# New addition to the farm



## Vahomesteaders (Jun 4, 2014)

We had a very interesting day. We were coming home from shopping and while driving through the National forest we came across 2 beautiful chocolate labs on the middle of nowhere. We stopped and for them off to safety. They had collars with names and numbers. We called the owner. They lived about 4 miles down the road. Turn out they are the owners of the Haverhill chocolate lab breed. It was started 60 years ago and is one of the most desired breeds for champion bird dogs. They were so thankful we kept their dog safe they gave us a 9 week old female pup. Complete with papers, pedigree, blood line and registraion. Her grandfather was the first chocolate lab to win the National bird dog competition in history and several championships since. These dogs cost a good bit so I was stoked. And they want to breed her to pass on another males bloodline and we can keep the money. She has to have a full name ending in havermill and it has to be registered to track the bloodline. So it's just another great pet and income source for the farm. So happy.


----------



## handymama (Aug 22, 2014)

Wow how awesome! Remember, what goes around comes around! Congrats!


----------



## Dixie Bee Acres (Jul 22, 2013)

Beautiful pup.


----------



## CAjerseychick (Aug 11, 2013)

wow that is great!


----------



## aart (Oct 20, 2012)

Instant Karma! Hope it works out well for you. 
Dog breeding partnerships can be trying but lucrative, get it all down in writing.


----------



## offthegrid (Aug 11, 2009)

aart said:


> Dog breeding partnerships can be trying but lucrative, get it all down in writing.


Absolutely. More than one good friendship has been ruined because of different interpretations of breeding contracts.
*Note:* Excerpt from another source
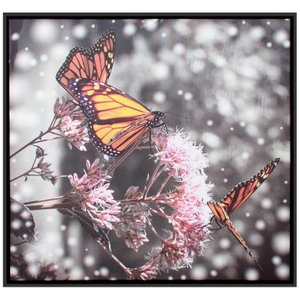 Quadro Tela Decorativa Emoldurada Borboletas em Flor 70x75cm Quadro Tela Decorativa Emoldurada Borboletas em Flor 70x75cm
Although, if you do it well, it is unlikely to be a huge money maker. At a minimum, health clearances should be done to be sure that the dog is worth breeding. People are generally unwilling to pay much for dogs with no titles, and no health clearances; usually, the more you put into a litter, the more you get out.


----------



## Maura (Jun 6, 2004)

To increase the value of her future pups, get her championed in hunting.


----------



## Vahomesteaders (Jun 4, 2014)

That's the plan. Gonna busy some geese down here on the pond and get her started


----------



## motdaugrnds (Jul 3, 2002)

Now that is true gratitude! You are so fortunate. Now, as others have stated, get something in writing if you're going to partnership in a breeding program down the road.


----------



## tarbe (Apr 7, 2007)

Hope she turns out to be a wonderful addition to the family!


----------